Jungjin Lee: Untitled
|When||1 Apr 2014 - 3 May 2014|
287 Spring St
New York, NY 10013
|Enquiry||(646) 775 6406|
Artist in coversation with Jill Quasha: Friday, April 11, 6:30pm
Trees rooted (American Deserts), things floating (Thing), the body as part of and separate from the landscape (Wasteland), weightless pagodas (Pagodas), and here, repetitive scenes of the water and its surroundings (Untitled). Whatever the subject, Jungjin Lee’s pictures resonate. They are at once calming and disquieting. How do we fit in to this incomprehensible thing we call the universe? We feel empty but not, we’re alone but not, we’re sometimes at the edge, but of what? It has to do with the vastness of nature and the inability to understand time, Lee reminds us. The concept seems concrete because we can ask the questions, but it ends up being abstract because we can’t find the answers. All we can do is to keep seeking, in an effort to find a certain comfort level.

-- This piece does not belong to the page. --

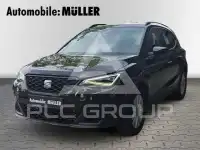 2025 Seat Alteca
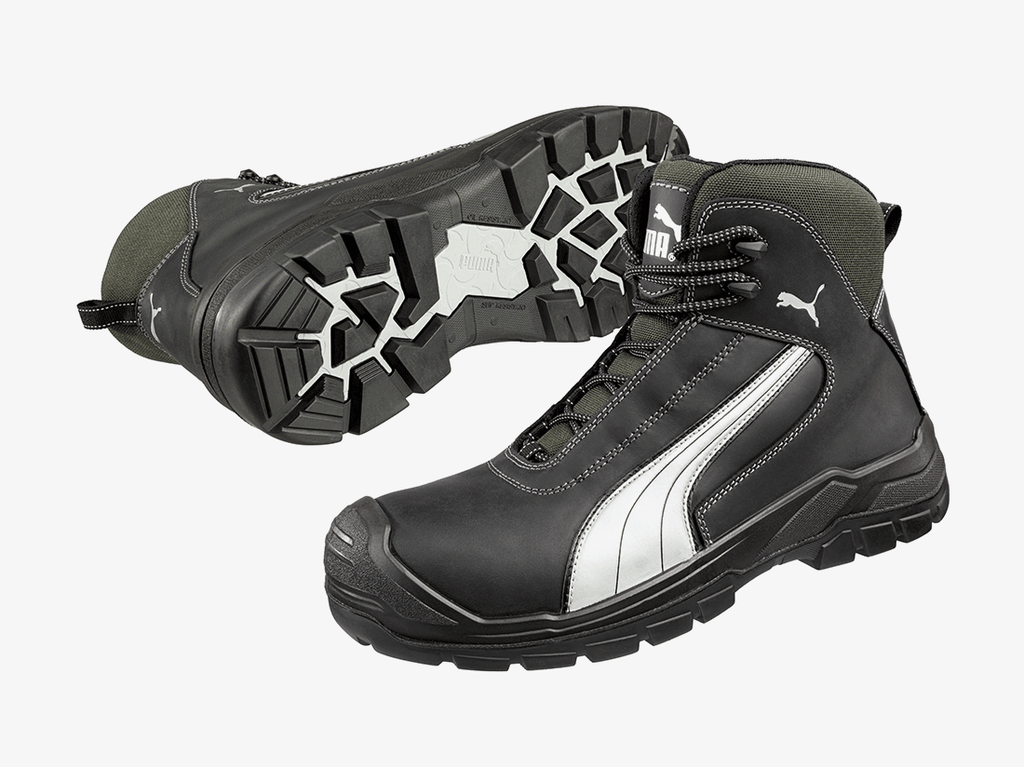 Puma 63.021.0 Cascades Mid S3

Untitled is a series that Lee did from 1997-1999. They are beautiful scrolls of nature: a tree trunk lying on its side on a beach, the water and the dock above it, the island in the middle of the water. They are the ultimate in craftsmanship: the mulberry paper soaks the ink in and resembles Chinese ink painting; the emulsion that coats the paper softens the tones, like 19th-century photographs; the brush strokes that are applied by hand render every print unique and call to mind abstract painting. Lee abstracts the pictures by repeating each image three times, making us unclear as to what we’re looking at. What we are clear about is the power they have over us: they are quiet but disconcerting; they are delicate but weighty. As in all of Lee’s work, the existence of the thing – whether on its own, reflected in itself, floating in the universe, or abstracted – is presented to us for deeper thought and reflection, and always, exquisitely.
- Jill Quasha -
Jungjin Lee was born in Korea in 1961 and currently lives and works in New York City. Lee’s work has been exhibited widely in the United States, Europe, and Korea. Lee has published many books including Wind (2009), Jungjin Lee (2006), Thing (2005), Desert (2002), On Road/Ocean (2001), Jungjin Lee: Beyond Photography (2000), Wasteland (1997), and Lonely Cabin in a Far Away Island (1988). Her work is included in important collections such as The Metropolitan Museum of Art, the Whitney Museum of American Art, the Los Angeles County Museum of Art, and the National Museum of Modern and Contemporary Art, Korea. Her work is also in many major private collections.
Jill Quasha has been a private photography dealer since 1980, specializing in building collections for individuals and museums. She has authored and produced two books: The Quillan Collection of Nineteenth and Twentieth Century Photographs (1991) and Marjorie Content: Photographs (W.W. Norton, 1994).